I’m sickened by US Secretary of State Antony Blinken saying that “the Afghan people and its army will have to take matters in their own hands,” when the army and government have already collapsed. The Afghan people never had a chance to try to take matters in their own hands.
 
 

4 Comments

  1. Right from the start, this article points out that the US withdrawal from Afghanistan will result in Taliban political rule over the whole country and, with it, the imposition of its strict fundamentalist religion. Make no mistake, this is a humanitarian tragedy where men, women, and children will be killed, enslaved and stripped of their fundamental freedoms. And that’s for starters.

    In response, many on the so-called left view this situation as “regrettable” but, ultimately, the responsibility of the victims of this tragedy for being unwilling or unable to avert this disaster– a classic case of blame the victim – which the POTUS is happy to say publicly, and not just in the anonymity of social media, to justify his action (or inaction).

    Nowhere in the article is there an attempt to justify the US occupation of Afghanistan or, for that matter, the continuation of the occupation. Saying that the US has blood on its hands for the whole situation and, in particular, for the “withdrawal process”, is not an endorsement of this humanitarian tragedy.

    Let us remember that Obama did not think Afghanistan was a “dumb war”. Rather, Obama called Iraq Bush’s “dumb war” and many on the left went along with US intervention in Afghanistan, chasing “terrorists” in an “eternal” war that involved unlimited wastes of money and loss of lives on all sides. Who helped enable that?

    The article is a plea for humanism, for sanity and solidarity in a world in crisis. How could anyone think differently? How could anyone be so blinded by a knee jerk “anti-US imperialism” that they interpret this humanitarian cry as a “cover” for the US government? The choices are not more US and ally occupation on one hand or the Taliban on the other. Rather, the choice is either a world where social and political freedoms are promoted and protected as a pathway for building a new society or more of the same – capitalist barbarity as on display in Afghanistan.

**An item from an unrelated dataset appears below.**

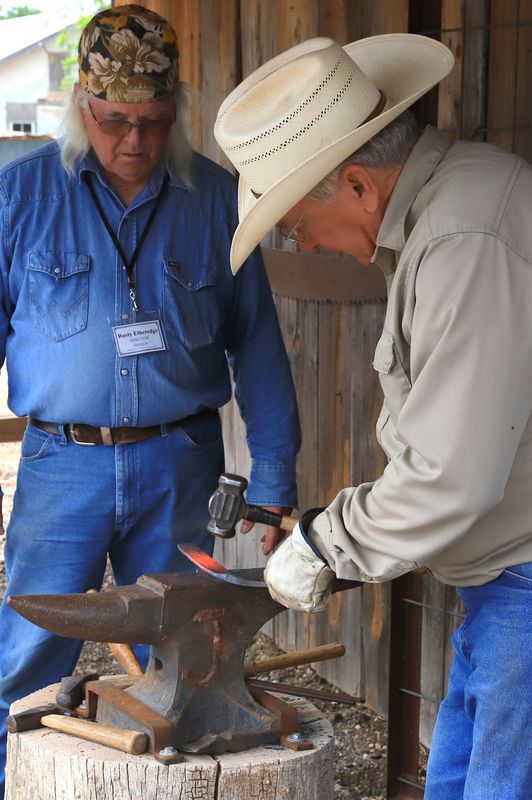 Blacksmith Cotton Elliot (front) and helper Rusty Etheredge. (Photo by Julie Childs)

  2. Following the disaster in Afghanistan, the EU is now thinking about what they should be able to do in the future. Although they do not quite use the following words, the tune is striking: “in the future, the EU must be able to send troops WITHOUT the bureaucratic hassle that ties down decision-making”.

    Nothing has been learnt. The old logic is “send the troops and sort out a country”. What the Afghanistan disaster has shown, beyond doubt, is that military intervention can have an effect, BUT once the gun barrels are gone, a relapse to the previous state occurs. This happens when military force fails, as is the case in Afghanistan, to change a society from within. So any achievements will wither away now that the gun barrels are gone. In other words, the achievements in Afghanistan were only upheld by military force.

    This should have been sufficient to stop the intervention 20 years ago. And this should serve as a lesson for possible future interventions, i.e., don’t take your army to a foreign land just because you are more powerful than that land.

  3. This article was written just as the US was pulling out. In the end, it left tens of thousands of Afghan civilians behind, many of them activists, feminists, educators and journalists, including many to whom it had granted special visas to enter the US, but who are now prevented from leaving Afghanistan and are in hiding from Taliban killing.

    Since then, women have conducted protests in the streets against Taliban rule. They have been brutally suppressed. Rebels are also fighting the Taliban militarily in the north. https://www.nytimes.com/2021/09/04/world/asia/taliban-women-protest-afghanistan-panjshir.html and RAWA’s site, http://www.rawa.org/temp/runews/

    The so-called “left” in the US and elsewhere, or people who care, should send money and figure out how else they can aid women’s and other groups so that resisters can stay alive and remain active in some measure.